#### Provided entries
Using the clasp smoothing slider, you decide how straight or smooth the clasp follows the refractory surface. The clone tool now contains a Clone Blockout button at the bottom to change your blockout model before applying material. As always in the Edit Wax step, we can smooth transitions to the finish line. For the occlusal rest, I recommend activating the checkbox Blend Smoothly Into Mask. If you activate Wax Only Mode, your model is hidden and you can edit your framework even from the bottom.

---

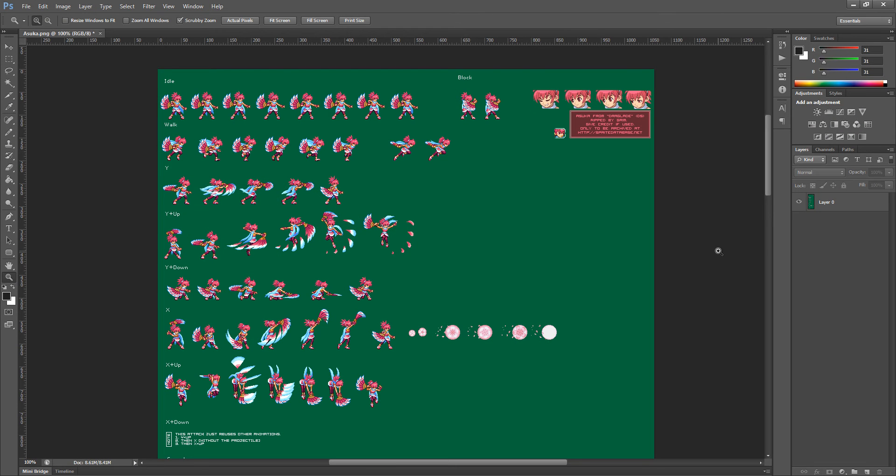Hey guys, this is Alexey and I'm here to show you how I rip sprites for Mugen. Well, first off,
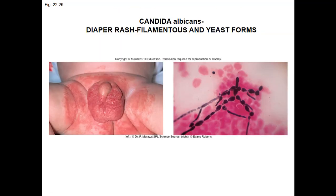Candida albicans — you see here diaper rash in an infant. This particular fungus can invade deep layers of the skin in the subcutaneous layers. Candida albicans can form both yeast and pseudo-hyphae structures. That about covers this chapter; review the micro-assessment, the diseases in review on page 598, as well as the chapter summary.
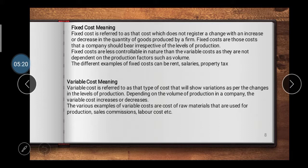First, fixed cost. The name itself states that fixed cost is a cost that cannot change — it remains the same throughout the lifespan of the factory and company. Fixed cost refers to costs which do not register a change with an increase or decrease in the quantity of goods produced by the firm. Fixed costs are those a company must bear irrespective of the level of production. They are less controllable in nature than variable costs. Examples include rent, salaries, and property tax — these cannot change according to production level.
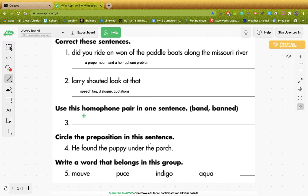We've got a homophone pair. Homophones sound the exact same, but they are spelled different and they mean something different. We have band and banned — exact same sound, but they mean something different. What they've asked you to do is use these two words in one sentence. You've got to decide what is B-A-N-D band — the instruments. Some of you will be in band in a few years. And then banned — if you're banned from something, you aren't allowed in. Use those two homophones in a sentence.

#### Problem to work on
Without the pictures, set down the lines above from the line with "First, fixed cost." up to and including the line with "We've got a" exactly as they stand.

#### Answer below
First, fixed cost. The name itself states that fixed cost is a cost that cannot change — it remains the same throughout the lifespan of the factory and company. Fixed cost refers to costs which do not register a change with an increase or decrease in the quantity of goods produced by the firm. Fixed costs are those a company must bear irrespective of the level of production. They are less controllable in nature than variable costs. Examples include rent, salaries, and property tax — these cannot change according to production level.
We've got a homophone pair. Homophones sound the exact same, but they are spelled different and they mean something different. We have band and banned — exact same sound, but they mean something different. What they've asked you to do is use these two words in one sentence. You've got to decide what is B-A-N-D band — the instruments. Some of you will be in band in a few years. And then banned — if you're banned from something, you aren't allowed in. Use those two homophones in a sentence.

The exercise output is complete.